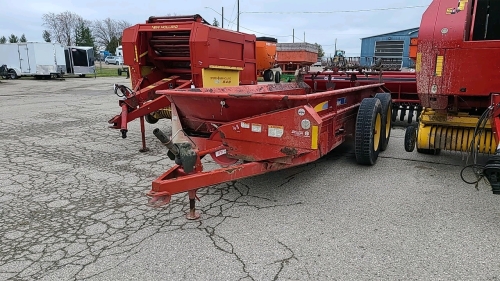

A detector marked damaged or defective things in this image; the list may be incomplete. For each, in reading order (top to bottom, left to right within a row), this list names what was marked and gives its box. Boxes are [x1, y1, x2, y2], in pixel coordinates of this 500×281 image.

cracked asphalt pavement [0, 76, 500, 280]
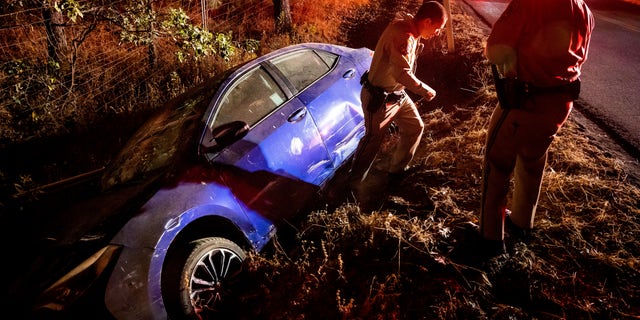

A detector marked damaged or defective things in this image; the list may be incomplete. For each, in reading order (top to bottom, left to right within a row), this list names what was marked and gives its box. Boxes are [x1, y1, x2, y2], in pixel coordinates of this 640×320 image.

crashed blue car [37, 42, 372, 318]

──────────

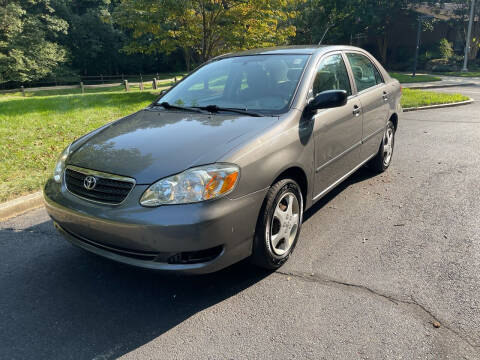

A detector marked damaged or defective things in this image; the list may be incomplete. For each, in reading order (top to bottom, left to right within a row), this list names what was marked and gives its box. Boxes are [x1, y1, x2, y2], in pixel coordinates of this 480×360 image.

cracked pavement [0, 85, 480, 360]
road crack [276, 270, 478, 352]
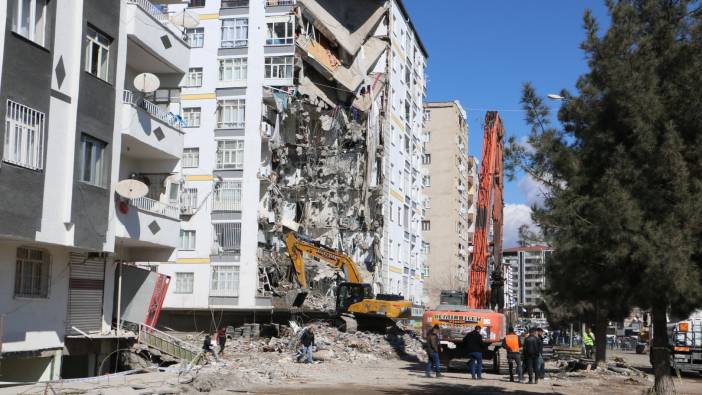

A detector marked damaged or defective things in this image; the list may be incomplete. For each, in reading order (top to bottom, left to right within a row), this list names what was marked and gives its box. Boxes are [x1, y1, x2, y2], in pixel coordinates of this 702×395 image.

──────────

*Brief*
Begin at the line in the entries above that has "this 480×360 image.", stop after the line that has "this 702×395 image.", and output exactly those lines without pictures.

*Answer to the exercise*
A detector marked damaged or defective things in this image; the list may be incomplete. For each, in reading order (top to bottom, left to right within a row), this list names what was marked and gives its box. Boxes are [x1, y1, x2, y2], in pixel coordinates of this 480×360 image.

cracked pavement [0, 85, 480, 360]
road crack [276, 270, 478, 352]

A detector marked damaged or defective things in this image; the list may be incomplete. For each, in reading order (top to bottom, left to right within a row), this list names what was marked and gives its box. Boxes are [x1, y1, x2, y2], in pixel coordinates of this 702×395 image.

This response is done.